### Input records
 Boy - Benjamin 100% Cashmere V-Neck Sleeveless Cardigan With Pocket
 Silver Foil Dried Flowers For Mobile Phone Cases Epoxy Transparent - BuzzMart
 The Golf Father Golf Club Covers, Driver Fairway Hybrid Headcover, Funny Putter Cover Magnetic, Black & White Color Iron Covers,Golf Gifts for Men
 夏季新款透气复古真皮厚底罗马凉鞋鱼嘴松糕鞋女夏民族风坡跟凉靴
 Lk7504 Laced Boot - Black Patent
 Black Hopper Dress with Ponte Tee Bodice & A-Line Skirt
######
### Input records
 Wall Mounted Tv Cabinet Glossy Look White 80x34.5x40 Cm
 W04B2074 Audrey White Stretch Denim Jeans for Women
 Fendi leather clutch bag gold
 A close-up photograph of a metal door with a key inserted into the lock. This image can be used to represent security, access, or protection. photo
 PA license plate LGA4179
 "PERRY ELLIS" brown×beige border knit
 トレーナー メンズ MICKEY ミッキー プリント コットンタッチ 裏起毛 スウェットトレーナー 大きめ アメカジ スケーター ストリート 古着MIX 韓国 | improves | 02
######
**Problem statement:** Copy, exactly and only, the lines above that begin with the one containing "夏季新款透气复古真皮厚底罗马凉鞋鱼嘴松糕鞋女夏民族风坡跟凉靴" and finish with the one containing "Black Hopper Dress".

**Written response:**
 夏季新款透气复古真皮厚底罗马凉鞋鱼嘴松糕鞋女夏民族风坡跟凉靴
 Lk7504 Laced Boot - Black Patent
 Black Hopper Dress with Ponte Tee Bodice & A-Line Skirt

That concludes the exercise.